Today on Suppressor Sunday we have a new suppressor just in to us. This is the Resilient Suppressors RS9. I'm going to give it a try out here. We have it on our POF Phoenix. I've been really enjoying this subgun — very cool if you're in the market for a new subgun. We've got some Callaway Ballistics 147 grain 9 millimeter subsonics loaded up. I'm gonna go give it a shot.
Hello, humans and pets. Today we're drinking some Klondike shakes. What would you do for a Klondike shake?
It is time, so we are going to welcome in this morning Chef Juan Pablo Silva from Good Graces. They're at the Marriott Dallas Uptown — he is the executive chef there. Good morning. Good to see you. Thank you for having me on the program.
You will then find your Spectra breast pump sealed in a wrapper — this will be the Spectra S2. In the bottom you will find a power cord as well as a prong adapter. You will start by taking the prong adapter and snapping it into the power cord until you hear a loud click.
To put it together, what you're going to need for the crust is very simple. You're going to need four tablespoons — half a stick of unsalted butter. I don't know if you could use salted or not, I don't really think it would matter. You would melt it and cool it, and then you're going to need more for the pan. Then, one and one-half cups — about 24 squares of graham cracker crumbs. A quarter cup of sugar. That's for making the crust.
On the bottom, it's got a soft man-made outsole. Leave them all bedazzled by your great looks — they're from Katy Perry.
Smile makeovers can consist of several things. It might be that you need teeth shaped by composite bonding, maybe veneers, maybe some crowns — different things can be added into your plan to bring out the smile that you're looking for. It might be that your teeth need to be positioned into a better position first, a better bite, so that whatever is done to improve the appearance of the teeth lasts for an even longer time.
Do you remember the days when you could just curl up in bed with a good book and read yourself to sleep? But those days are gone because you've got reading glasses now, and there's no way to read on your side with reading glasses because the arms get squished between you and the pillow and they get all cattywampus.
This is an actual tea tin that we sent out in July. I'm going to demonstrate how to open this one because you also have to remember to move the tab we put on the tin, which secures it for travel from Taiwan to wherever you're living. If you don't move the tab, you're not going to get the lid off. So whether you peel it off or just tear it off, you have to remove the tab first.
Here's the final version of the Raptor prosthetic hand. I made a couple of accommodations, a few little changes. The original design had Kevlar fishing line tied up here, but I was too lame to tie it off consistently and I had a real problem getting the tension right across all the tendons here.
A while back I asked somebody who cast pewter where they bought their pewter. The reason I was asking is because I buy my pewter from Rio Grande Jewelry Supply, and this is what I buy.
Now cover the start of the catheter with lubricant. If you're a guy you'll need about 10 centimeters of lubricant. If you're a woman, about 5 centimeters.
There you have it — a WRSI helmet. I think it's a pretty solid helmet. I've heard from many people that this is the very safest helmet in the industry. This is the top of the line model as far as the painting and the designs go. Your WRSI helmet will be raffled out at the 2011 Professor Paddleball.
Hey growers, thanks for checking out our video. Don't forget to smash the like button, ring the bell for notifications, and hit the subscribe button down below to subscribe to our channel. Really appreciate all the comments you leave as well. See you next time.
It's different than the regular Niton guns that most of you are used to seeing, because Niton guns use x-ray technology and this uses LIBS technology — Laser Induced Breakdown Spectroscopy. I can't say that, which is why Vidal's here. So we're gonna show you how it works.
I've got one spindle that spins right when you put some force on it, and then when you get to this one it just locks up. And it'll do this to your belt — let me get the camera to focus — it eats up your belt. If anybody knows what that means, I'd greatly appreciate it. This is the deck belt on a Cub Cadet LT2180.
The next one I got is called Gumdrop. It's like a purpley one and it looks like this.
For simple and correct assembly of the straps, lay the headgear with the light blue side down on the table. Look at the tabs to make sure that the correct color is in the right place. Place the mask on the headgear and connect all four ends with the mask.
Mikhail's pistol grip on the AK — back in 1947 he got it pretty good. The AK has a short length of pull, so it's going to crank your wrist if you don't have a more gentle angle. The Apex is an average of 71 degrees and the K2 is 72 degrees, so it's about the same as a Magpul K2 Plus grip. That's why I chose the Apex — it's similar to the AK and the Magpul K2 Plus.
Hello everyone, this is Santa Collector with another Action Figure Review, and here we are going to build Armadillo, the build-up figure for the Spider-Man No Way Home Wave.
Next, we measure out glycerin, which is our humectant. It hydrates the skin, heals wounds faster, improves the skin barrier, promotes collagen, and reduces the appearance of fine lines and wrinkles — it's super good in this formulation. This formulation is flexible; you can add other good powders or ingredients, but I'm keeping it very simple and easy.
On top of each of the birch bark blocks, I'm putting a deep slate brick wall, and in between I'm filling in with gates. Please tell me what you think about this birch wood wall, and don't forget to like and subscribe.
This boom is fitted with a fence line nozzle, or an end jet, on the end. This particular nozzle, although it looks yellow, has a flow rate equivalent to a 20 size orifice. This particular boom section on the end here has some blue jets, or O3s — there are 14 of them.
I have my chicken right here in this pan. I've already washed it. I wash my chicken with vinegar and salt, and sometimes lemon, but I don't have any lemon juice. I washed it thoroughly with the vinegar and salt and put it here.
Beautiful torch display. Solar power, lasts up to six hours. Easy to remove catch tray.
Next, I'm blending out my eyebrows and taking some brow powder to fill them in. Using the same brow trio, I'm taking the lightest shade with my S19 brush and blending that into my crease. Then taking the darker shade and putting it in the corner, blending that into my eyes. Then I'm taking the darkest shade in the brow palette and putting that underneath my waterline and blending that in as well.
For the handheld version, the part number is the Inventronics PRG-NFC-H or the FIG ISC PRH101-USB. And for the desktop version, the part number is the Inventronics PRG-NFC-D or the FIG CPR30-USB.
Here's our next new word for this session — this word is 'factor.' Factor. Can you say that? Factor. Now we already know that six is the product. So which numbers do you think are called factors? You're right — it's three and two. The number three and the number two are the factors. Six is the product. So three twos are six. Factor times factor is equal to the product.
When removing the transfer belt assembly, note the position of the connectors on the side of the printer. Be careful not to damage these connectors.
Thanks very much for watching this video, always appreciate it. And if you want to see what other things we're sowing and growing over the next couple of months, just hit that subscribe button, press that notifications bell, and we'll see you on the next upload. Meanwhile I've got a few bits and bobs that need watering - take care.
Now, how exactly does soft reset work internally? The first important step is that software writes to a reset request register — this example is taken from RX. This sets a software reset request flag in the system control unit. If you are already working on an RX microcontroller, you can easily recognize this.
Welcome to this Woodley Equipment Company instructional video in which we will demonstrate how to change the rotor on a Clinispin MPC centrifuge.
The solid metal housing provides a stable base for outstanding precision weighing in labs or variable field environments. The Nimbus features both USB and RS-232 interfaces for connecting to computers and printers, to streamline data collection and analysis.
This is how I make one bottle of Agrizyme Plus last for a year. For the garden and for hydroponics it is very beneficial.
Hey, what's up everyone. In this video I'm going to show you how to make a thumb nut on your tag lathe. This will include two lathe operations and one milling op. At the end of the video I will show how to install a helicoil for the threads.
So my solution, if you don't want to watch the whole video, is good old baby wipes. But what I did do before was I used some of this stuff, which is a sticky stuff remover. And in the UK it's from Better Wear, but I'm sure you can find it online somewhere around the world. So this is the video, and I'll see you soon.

^^^^

Aim of the task: The expected answer is an exact copy of the lines above, beginning at the line with "I have my chicken" and ending at the line with "Beautiful torch display.", with both ends in.

Exercise answer:
I have my chicken right here in this pan. I've already washed it. I wash my chicken with vinegar and salt, and sometimes lemon, but I don't have any lemon juice. I washed it thoroughly with the vinegar and salt and put it here.
Beautiful torch display. Solar power, lasts up to six hours. Easy to remove catch tray.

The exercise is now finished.